Remarkably,   Duchamp called for all of the paintings to be framed by paper lace—a “feminine,” doilylike trim.2 On the one hand, the cheap paper frames parodied the practice of bestowing value uponpainted works by enclos­ing them in ornate frames. On the other hand, as seen at the Hammer, the paper lace frames unite all of the works on display as an installation, while compromising the power and seriousness of the individual works (i.e., they look quite funny). This is particularly true of those paintings, like the Archipenko and the Gris, that are extremely “mas­culine” in feel (thus engaging a sense of androgyny that anticipates the drawing of a moustache and goatee on the image of the Mona Lisa, which Duch­amp was to do later that year back in Paris).3 As a further point, the stark whiteness of the paper frames distorts the perception of forms in some of the paintings contained within.

The next gallery at the Hammer represents the extended series of solo shows organized by the Societe Anonyme by focusing on small presentations of work by six artists: Kandinsky, Klee, Heinrich Campendonk, Fernand Leger, Louis Eilshemius and Stella. Kandinsky, sublimely represented by, among other works, his early painting The Waterfall (1909) and the Bauhaus work Multicolored Circle (1921) was of particular significance to Dreier. Motivated by her Theosophical beliefs, she gravitated through­out her life toward a spiritually-based abstraction in both her style of painting and the work she col­lected.4 Dreier visited Kandinsky in Germany and France on many occasions, maintained an avid cor­respondence with him and made him honorary vice president of the Societe Anonyme from 1925 until his death in 1944 (Duchamp occupied the position of secretary). The undisputed gem among Dreier’s mail is the postcard, in a glass case in the last room of the exhibition, jointly written to Dreier from the bar-restaurant Oasis in Montparnasse in 1933 by Kandinsky (in German) and Duchamp (in French), in which they relate that they are eating blini and thinking of her.

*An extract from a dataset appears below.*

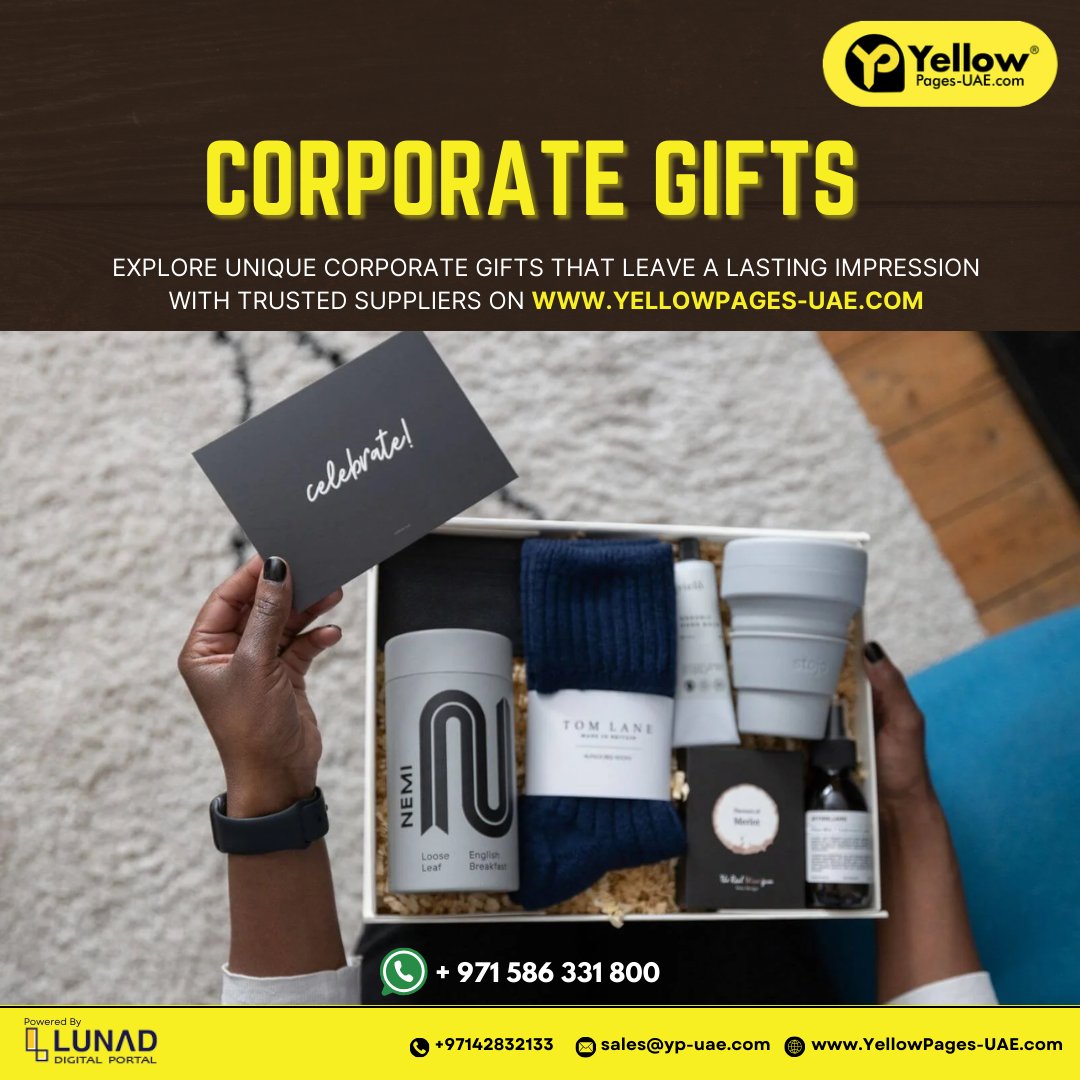 YellowPages_LMC's tweet image. Looking for perfect corporate gifts that stand out? 
Explore exclusive suppliers on Yellow Pages UAE and leave a lasting impression every time - yellowpages-uae.com/uae/corporate-…

.

#CorporateGifts #GiftingSolutions #BusinessGifts #UAEbusiness #LeadGeneration #YellowPagesUAE #UAE #Dubai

The large gallery space that follows is devoted to work featured in the “International Exhibi­tion of Modern Art” held at the Brooklyn Museum, Nov. 19, 1926-Jan. 1, 1927, the most ambitious pub­lic program organized by the Societe Anonyme.5 Determined to demonstrate the vitality of modern art, Dreier gathered more than 300 works by 106 artists representing some 19 countries. She orga­nized the show with advice from a wide and impres­sive team of consultants, among them Duchamp, Leger, Kandinsky, Campendonk, Schwitters, Stieg-litz and Anton Giulio Bragaglia. A highly important collaborator was Herwarth Walden of Berlin’s Der Sturm Gallery, who was one of Dreier’s longtime mentors, About one quarter of the artists in the exhibition were American and most had never shown with the Societe Anonyme before. Many were from the Stieglitz circle, including Stieglitz himself (he showed “Equivalents” and, at Dreier’s invitation, gave a public talk). The exhibition is also notable for having featured the American debuts of both Miro and Mondrian.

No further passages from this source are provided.